You can’t turn this off: I’m Black and I’m proud
Audio Version: https://www.podbean.com/ew/pb-yaz8s-e11b89
Every morning, I wake up, look at all my flaws and imperfections and decide to love me. To love who God created me to be, and then I go out into the world. Whether it be at work, on social media, or in a conversation I am told otherwise. I am told that I do not matter, my kings don’t matter, that I am too much energy, that I am not good enough, I am seen as other, I am seen as a black woman, and in this world that will never change, I can never turn off the color of my skin, my first impression will always be that of a black woman. Even though the worlds perception of me is inferior, I remember the saying my mom taught me so many years ago; I’m black and I’m proud and I can say it loud. I am so thankful to my mom for instilling this into me at a very young age. I remember car rides, crossing the bridge to come to school, and my mom and I singing it loud. My mom saying it louder, and louder, and if you know my mom… louder. I can feel my little five-year-old shoulders moving to the life changing phrase with every loud, I felt proud. I felt proud of who I was, I felt proud of who she was, and my self-esteem grew, and, in that moment, I only wanted to be black and proud.
Today, I find myself saying it more and more but, quieter and quieter based on the challenges of everyday struggles. I wonder if I could just turn it off for today, what would it feel like. Would I still fight for the injustice of my students, would I still have to advocate for my sons to get the education they deserve, would I still see people of color and wave or give them the nod, would I still acknowledge the systemic struggles of people of color, would I still have to go to work early, and leave late so I could get my family ahead, would I still have to worry if I would see my family together again, would I still look at myself in the mirror and say today you are strong, courageous, beautiful, and proud, and nobody can take that away from you.
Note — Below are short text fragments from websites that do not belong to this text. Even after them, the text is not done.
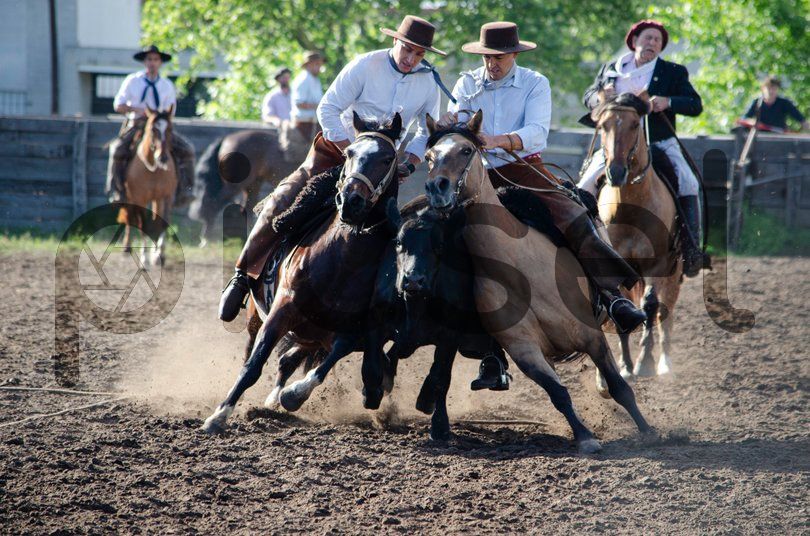 Photo of r5a4ep5xm4mctci6za55m4sh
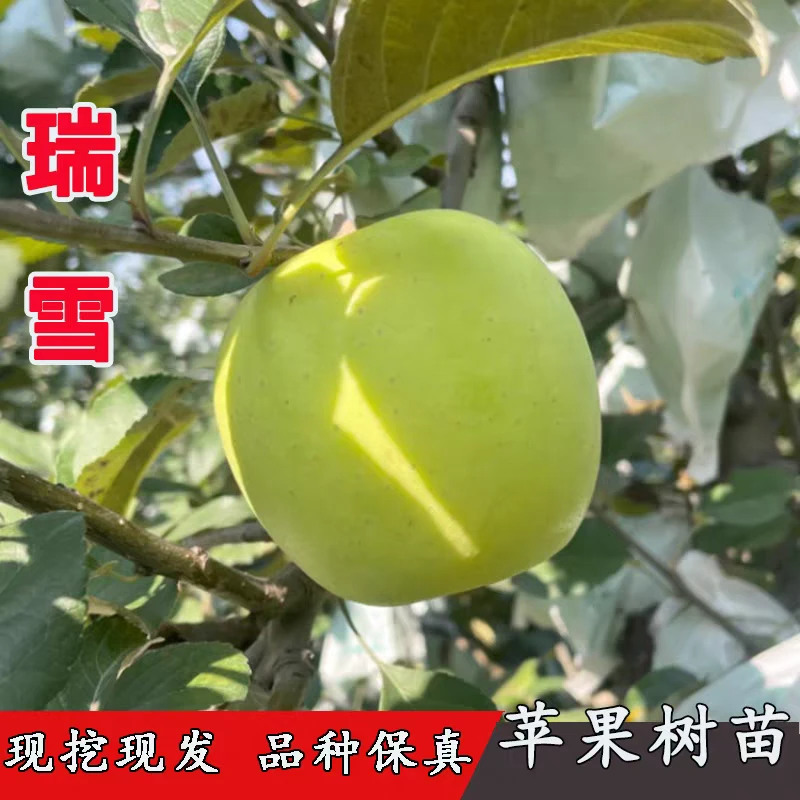 嫁接瑞雪苹果树苗晚熟脆甜青苹果树苗南方北方种植当年结果果树苗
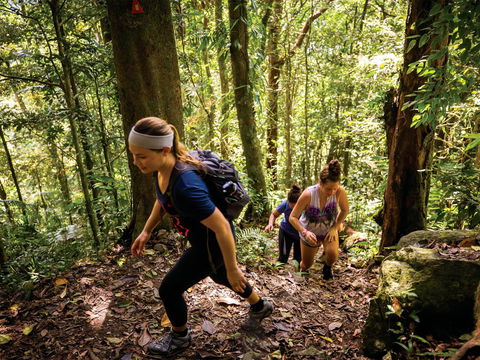 Devils Thumb (Manjal Jimalji) Trail - Accommodation Cairns 0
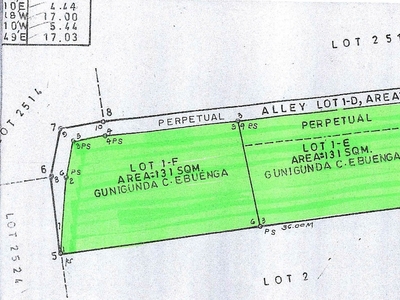 Plot of land Tabaco For Sale Philippines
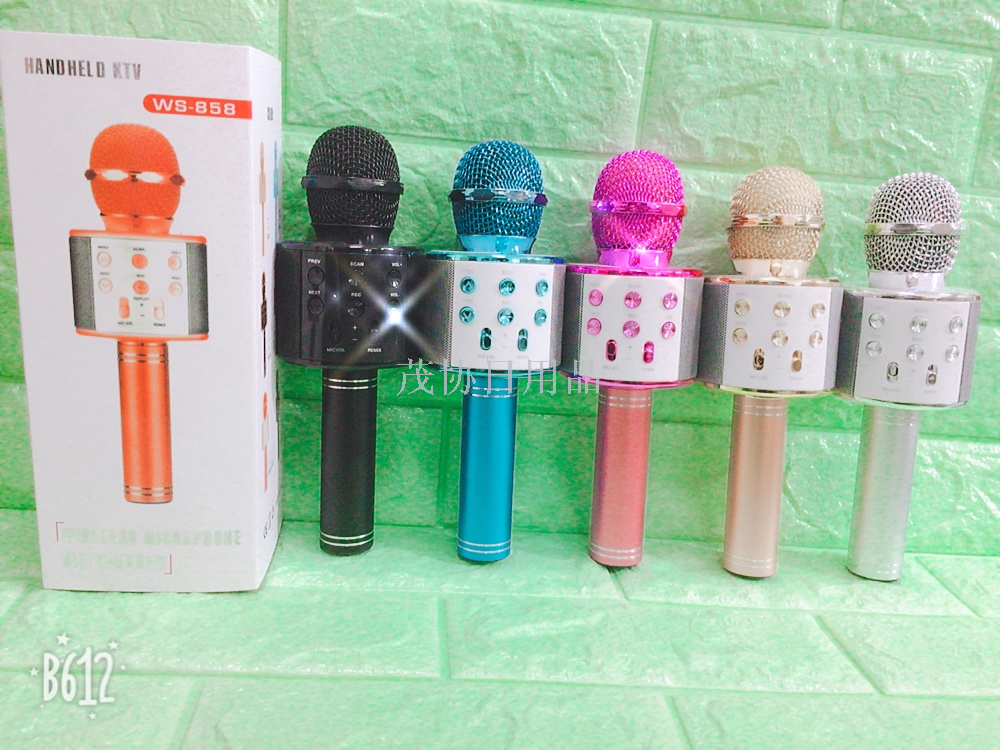 Mobile phone karaoke microphone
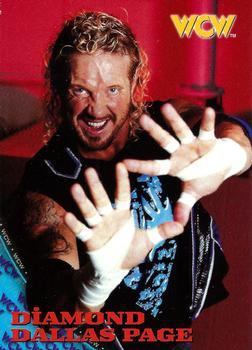 Diamond Dallas Page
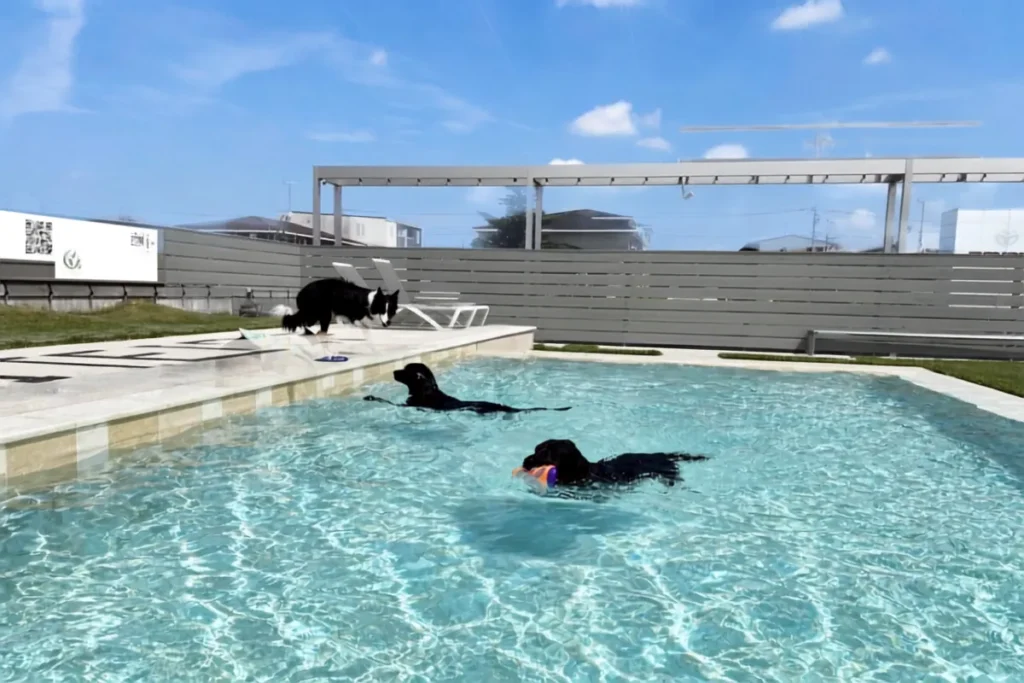 犬たちがプールで遊ぶDOG LAGOONの水遊びシーン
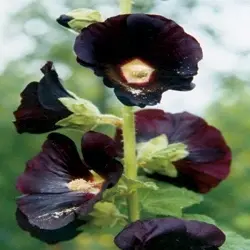 Hollyhock - Jet Black (Bulk Seed)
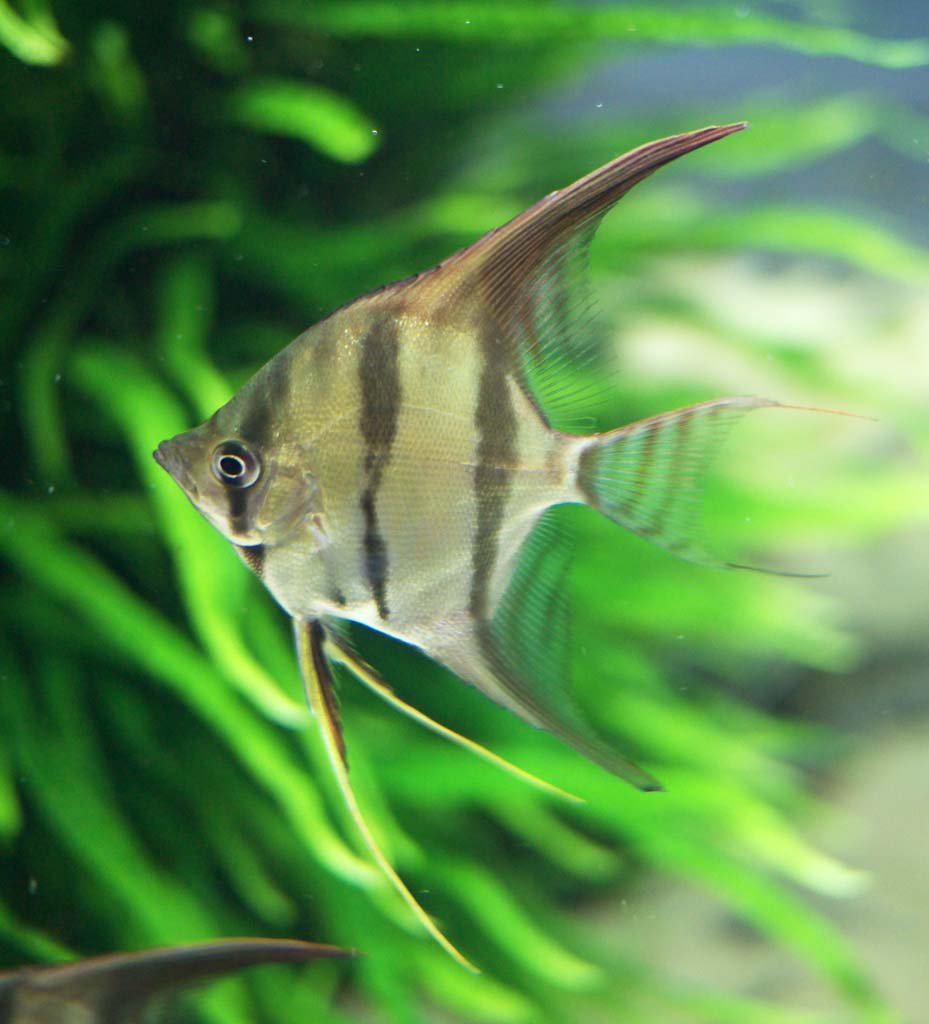 �ʐ^,�f��,����,�t���[,�t�H�g,�N���G�C�e�B�u�E�R�����Y,���i,�ǎ�,�G���[���t�B�b�V��, , , , 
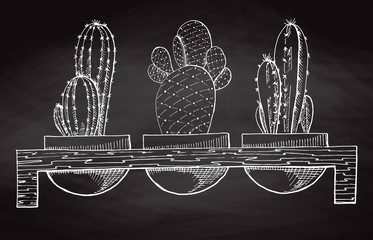 Naklejka premium Sketch three succulents in pots on a wooden stand isolated on the chalkboard. Vector illustration.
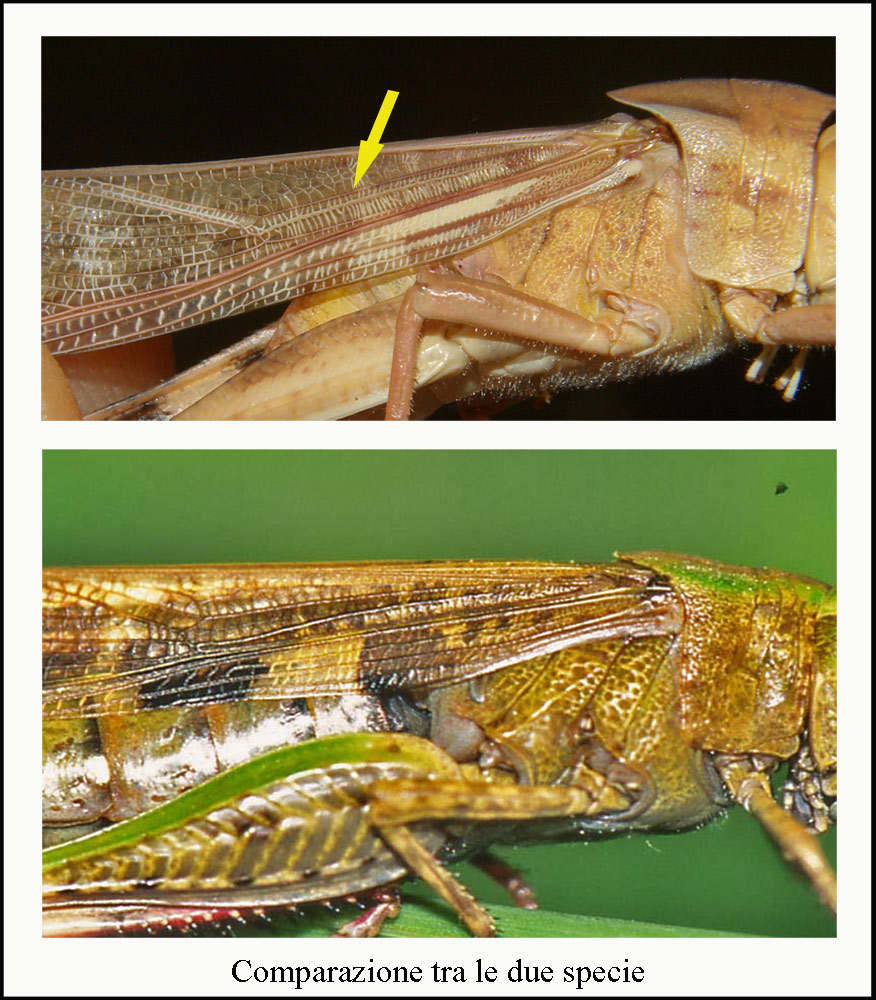 Aiolopus strepens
If I could turn this off today, would I even have to think about any of this?
This is what it means to be privileged, privileged to wake up everyday and choose to not fight for injustice, no worry of seeing your people being brutalized, go to work and feel like you are helping those less fortunate (reality check: we don’t need your help), to be able to walk into a store and not be followed because of the color of your skin, to be able to wear spaghetti straps and flip flops to work and not be judged (okay, maybe I went too far there, that’s just not professional). Privilege means you have the pleasure or luxury to look in the mirror and not have a mantra to get you through the day. The power to choose to acknowledge injustice, the opportunity to sit quietly in a professional development about equity, and not lean into discomfort, to turn off the television or social media when you have heard enough about police brutality, to not march in the streets and shout for “no justice, no peace,” to not discuss harsh realities of the world, or to say, “I have a black friend.” Why would I want to turn this off? I must strengthen my voice, no more whispering, I’m screaming it loud, I’m black and I’m proud.